Extras: “The Making of Girls,” a making-of documentary; deleted and extended scenes; two extended gag reels; cast auditions; table reads; six extended commentary with Dunham and Apatow; NPR Fresh Air interview with Dunham; a conversation with Dunham and Apatow; a conversation with the “Girls”; and a 20-page booklet containing a collection of Dunham’s tweets and behind-the-scenes photos.
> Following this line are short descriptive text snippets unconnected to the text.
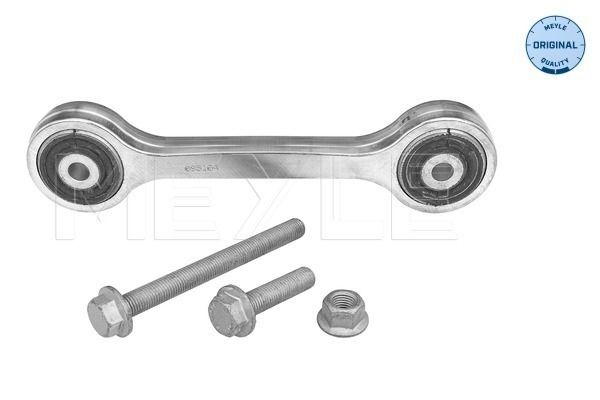 Stange/Strebe, Stabilisator 416 060 0014/S “MEYLE”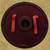 viking shield, lagertha sword, ragnar shield
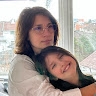 Елена Донченко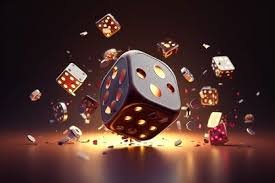 4999 bet com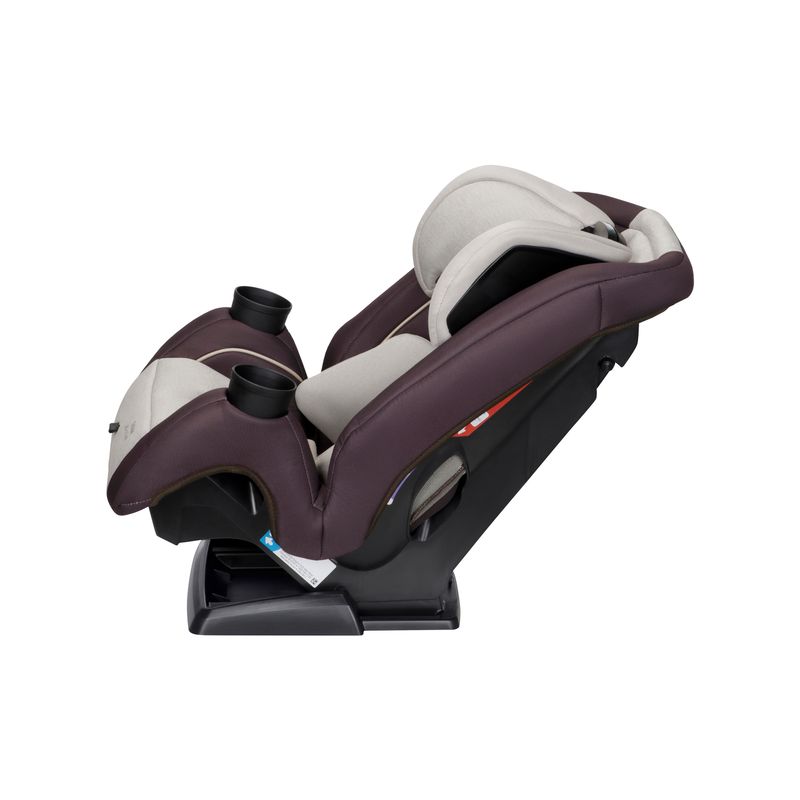 TriMate All-in-One Convertible Car Seat Dunes Edge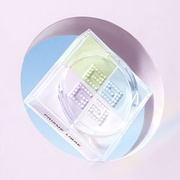 yi30lzɂuvYE[uv lCFNo.1v[gI
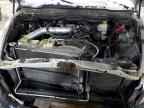 2006 DODGE RAM 1500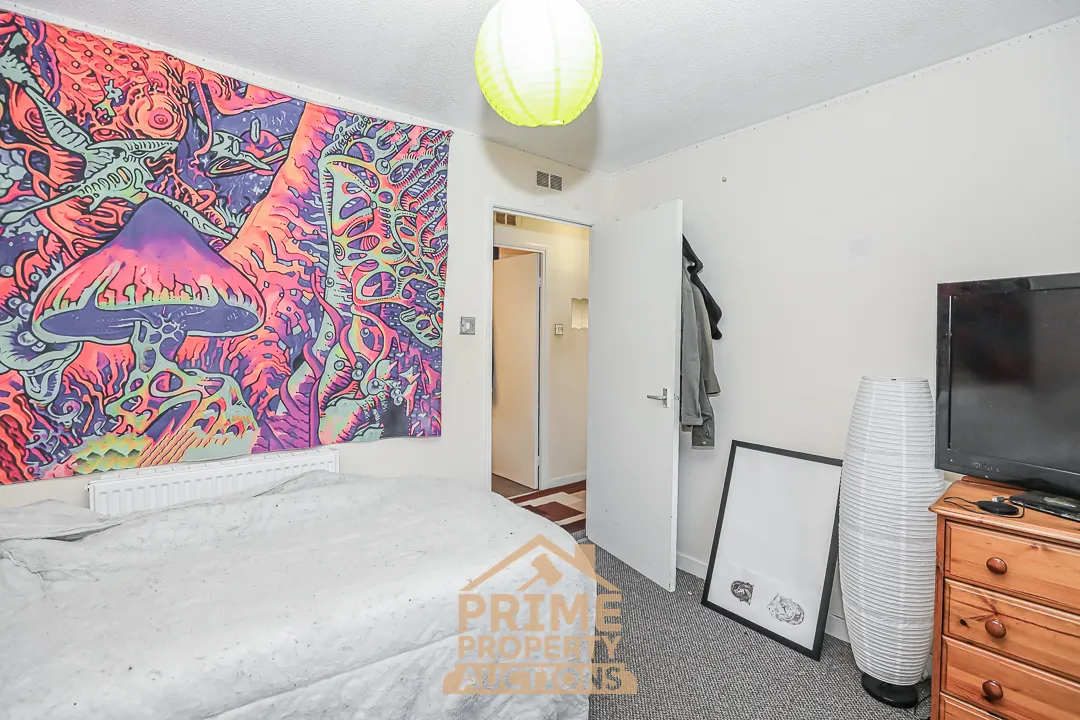 Discounted Residential Opportunity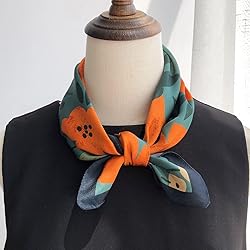 PoeticEHome 100% Real Mulberry Silk Women Small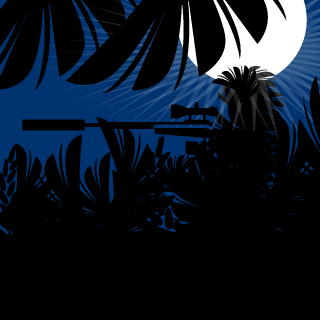 iicezzx8's emblem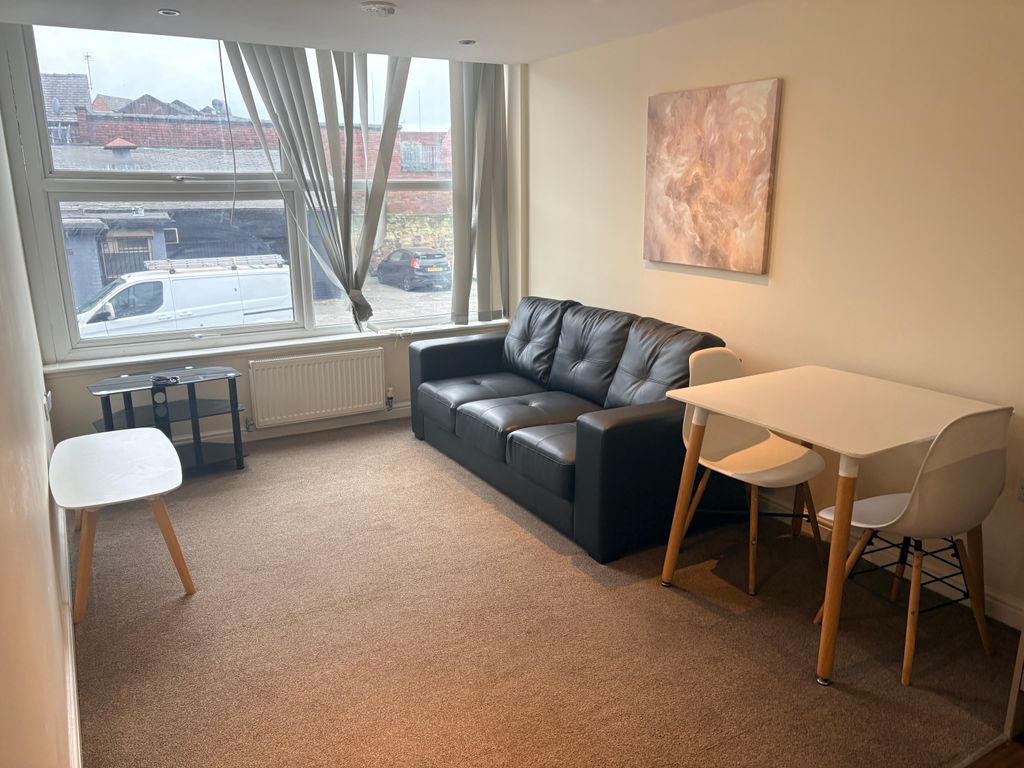 Property photo 3 of 5 Image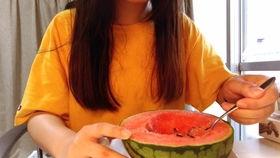 留学吃瓜排名王座,揭秘全球留学生活那些事儿，王座争霸赛精彩纷呈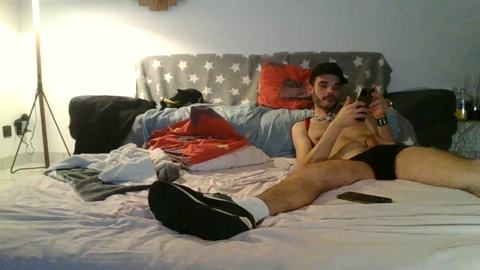 couplegayentou1  14-01-2023 Recorded Video sexy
#3. “Miami Connection” Criticwire Page
If ’80s synth rock, bone crushing TaeKwon-Do and motorcyle-riding ninjas are your thing, then you can’t do any better than “Miami Connection,” the long forgotten martial arts action film directed by 9th degree black belt philosopher Grandmaster Y.K. Kim, given a new life thanks to the fine folks at Drafthouse Films. The film failed to catch on with audiences when it was initially released theatrically back in 1987. It was resurrected some twenty years later by Alamo Drafthouse programmer Zack Carlson, who purchased a 35mm print for $50 via eBay and began test screening it as part of the Drafthouse’s exploitation series. The action yarn, which tells the story of a fearless synth rock band who take to the streets of Orlando to rid the city of its criminals, lands on Blu-ray today following its theatrical re-release this past summer.
Extras: “Friends for Eternity: The Making of Miami Connection”; audio commentary with star/producer Y.K. Kim and writer/star Joseph Diamand; deleted scenes; the 25th anniversary Dragon Sound reunion concert from Fantastic Fest 2012; theatrical trailer; “Who Is Y.K. Kim?” promo video; and “The New American Dream” promo video.
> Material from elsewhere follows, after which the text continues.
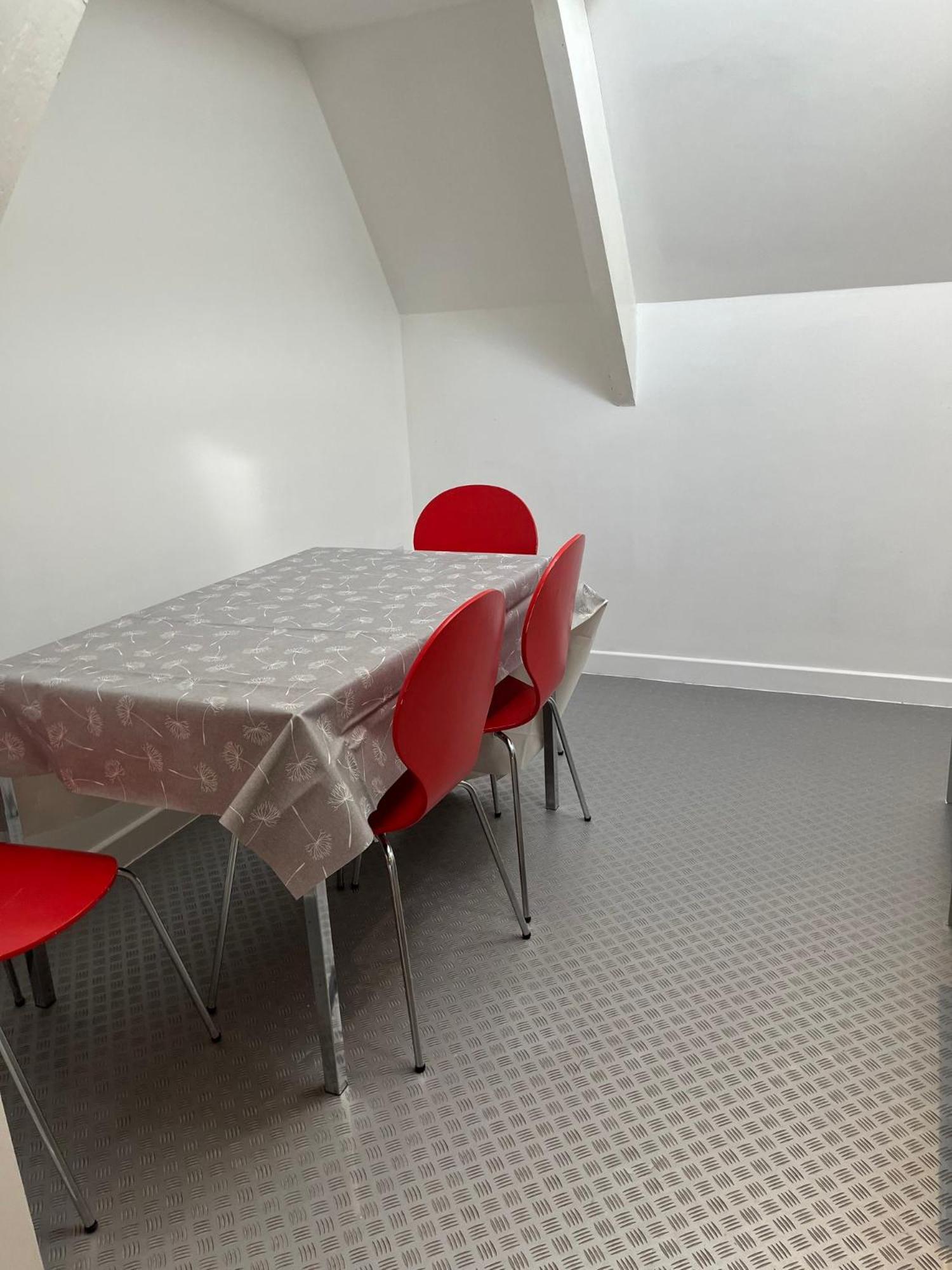 Armyn House Apartments, Your Coastal Escape In Falmouth Dış mekan fotoğraf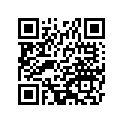 390077508 Arm-susp, Fr, Upp, Rh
#4. “Following” (Criterion Collection)
“The Dark Knight” auteur Christopher Nolan joins the Criterion Collection’s roster of directorial heavyweights this holiday season, as the highbrow label releases Nolan’s 1990 black-and-white, 16mm debut “Following” on Blu-ray and DVD. Calling to mind the twisty narrative of his own “Memento,” “Following” is the fragmented tale of an unemployed young writer who stalks strangers throughout London, hoping they will help inspire his writing. He gets inspiration and a whole lot more when one of his subjects leads him down a criminal path the writer didn’t see coming.
Extras: Audio commentary by Nolan; a new interview with Nolan; a chronological edit of the film; a side-by-side comparison of the shooting script with three scenes from the film; “Dodlebug” (1997), a three-minute film by Nolan, starring “Following”’s Jeremy Theobald; trailers; plus an essay by film critic and programmer Scott Foundas.
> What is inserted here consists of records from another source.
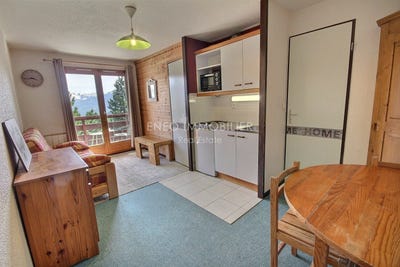 /international/fr/la-plagne-charente-310108403153/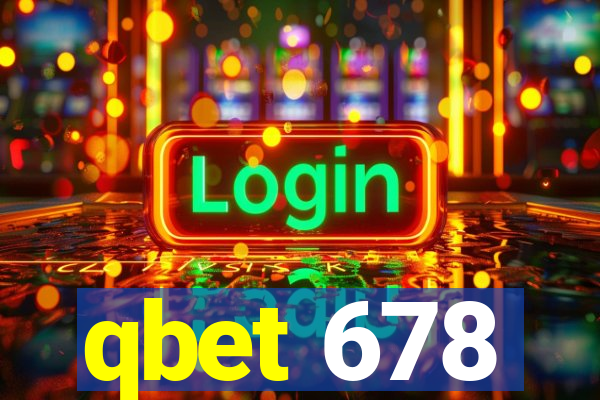 qbet 678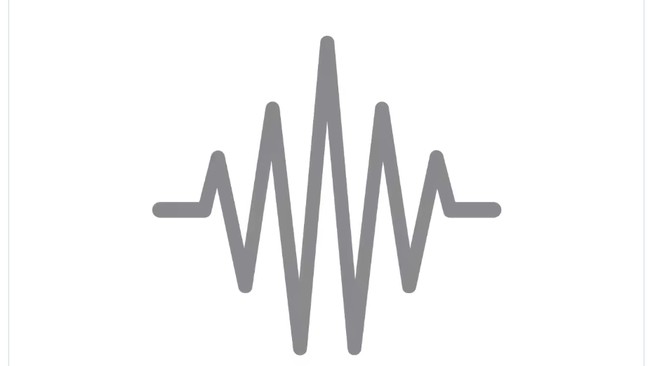 Iranian Embassy Suddenly Posts Morse Code: A New Warning Sign?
#5. “The Qatsi Trilogy” (Criterion Collection)
Extras: “Essence of Life,” an interview program with Reggio and composer Philip Glass on Koyaanisqatsi; new interview with cinematographer Ron Fricke about Koyaanisqatsi; television spots and a new interview with Reggio relating to his 1970s multimedia privacy campaign in New Mexico; early forty-minute demo version of Koyaanisqatsi with a partial scratch soundtrack featuring poet Allen Ginsberg, along with a new introduction by Reggio; a new interview with Reggio about Koyaanisqatsi’s original visual concept, with behind-the-scenes footage; “Impact of Progress,” an interview program with Reggio and Glass on their collaboration; “Inspiration and Ideas,” a new interview with Reggio about his greatest influences and teachers; public television interview with Reggio from 1989 about the trilogy; “Anima Mundi” (1992), Reggio’s twenty-eight-minute montage of footage of over seventy animal species, scored by Glass; a new video afterword by Reggio on the trilogy; “The Making of Naqoyqatsi,” a brief documentary featuring interviews with the production crew; a panel discussion on “Naqoyqatsi” from 2003, with Reggio, Glass, editor Jon Kane, and music critic John Rockwell; an interview with Glass and cellist Yo-Yo Ma; trailers; plus a booklet featuring essays by film scholar Scott MacDonald, Rockwell, and author and environmentalist Bill McKibben.